All transactions are visible in the block chain, and can be viewed with a hex editor. A block chain browser is a site where every transaction included within the block chain can be viewed in human-readable terms. This is useful for seeing the technical details of transactions in action and for verifying payments.

What to Do if Your Bitcoin Transaction Gets "Stuck"

The number of transactions on the Bitcoin network has steadily increased over the years. This means more blocks are filling up. And as not all transactions can be included in the blockchain straight away, backlogs form in miners’ “mempools” (a sort of “transaction queue.”)

Miners typically pick the transactions that pay the most fees and include these in their blocks first. Transactions that include lower fees are “outbid” on the so called “fee market,” and remain in miners’ mempools until a new block is found. If the transaction is outbid again, it has to wait until the next block.

This can lead to a suboptimal user experience.
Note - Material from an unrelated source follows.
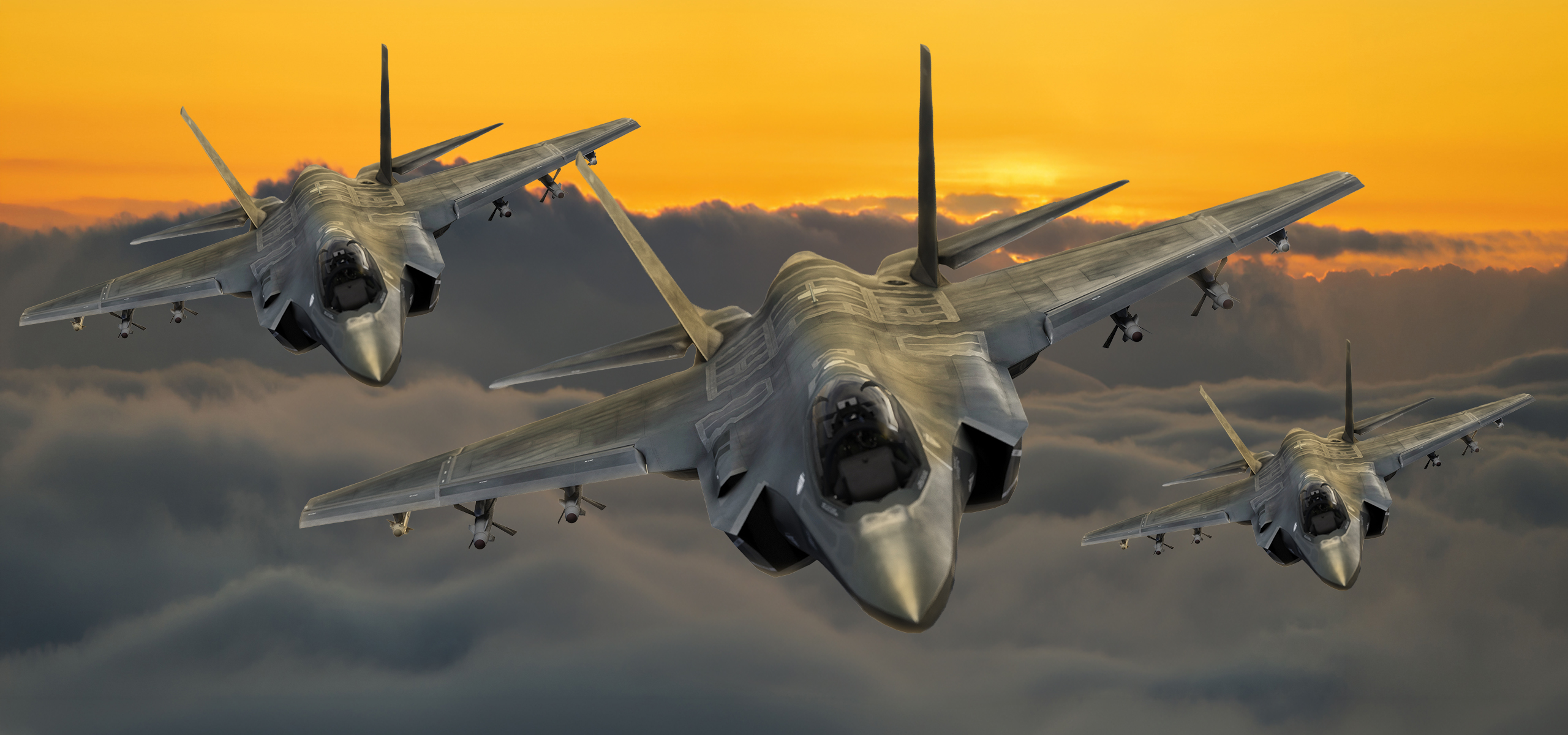 Three F35 fighter jets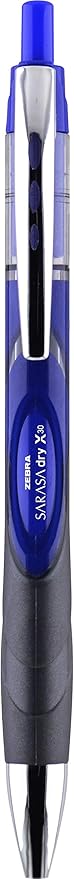 Zebra Pen Sarasa Dry X30 Retractable Gel Pen, Medium Point, 0.7mm, Blue Ink, 12-Pack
Transactions with too low a fee can take hours or even days to confirm, and sometimes never confirm at all.

But here is what you can do today to keep your own transaction from getting stuck.

Before You Send It

For the first years of Bitcoin’s existence, most wallets added fixed fees to outgoing transactions: typically, 0.1 mBTC. Since miners had spare space in their blocks anyways, they normally included these transactions in the first block they mined. (In fact, transactions with lower fees or even no fee at all were often included as well.)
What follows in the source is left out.